The 127 mph on a bike with Godzilla gearing was a popular story I linked to this weekend. Also, the swagger in that pose, and jersey. The photos and text are from a 1965 report about a daredevil cyclists José Meiffret, who reached a fantastic speed.

Herr Heinemann had painstakingly measured off the official kilometer. Half a dozen timekeepers of the International Timing Association were fiddling with their electrical equipment. Captain Dalicampt of the French occupation forces deployed his men at strategic points along the cleared Autobahn. Chief Schefold of the federal highway department dispatched a sweeper crew. Adolf Zimber lovingly wiped a bit of invisible dirt off the windshield of his massive Mercedes. Reporters were asking questions, scribbling notes. A photographer was angling for a shot. José Meiffret was about to start his Date with Death.

fast bike

A monstrous 130 tooth chainring connected to a 15

In his jersey pocket Meiffret carried a note that said

In case of fatal accident, I beg of the spectators not to feel sorry for me. I am a poor man, an orphan since the age of eleven, and I have suffered much. Death holds no terror for me. This record attempt is my way of expressing myself. If the doctors can do no more for me, please bury me by the side of the road where I have fallen.

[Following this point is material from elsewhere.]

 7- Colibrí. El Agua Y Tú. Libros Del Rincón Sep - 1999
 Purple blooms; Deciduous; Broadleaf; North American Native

Bob Freitas has the story byline and the original article was scanned and uploaded to Velo-Pages.

In the post-Lance era, when the fashion trend is to hide chamois underneath baggy board shorts and mute a jersey into a drab tunic, here’s how a man expressed himself on the bike 50 years ago. Meiffret went as hard as he could, suffered, and cheated death. He did it for the glory and wasn’t worried if he looked too roadie, clacked his cleats across a grocery store floor, or what his commute was like. He also didn’t self quantify on a social network, he did it by holding that bike upright, turning a gear into a record.

Meiffret’s story reminds us to say, show yourself roadie! We can see the chamois hidden underneath those baggy-board shorts. When you ride and race the road, embrace the sport, live it, and do so with a nod to its rich history.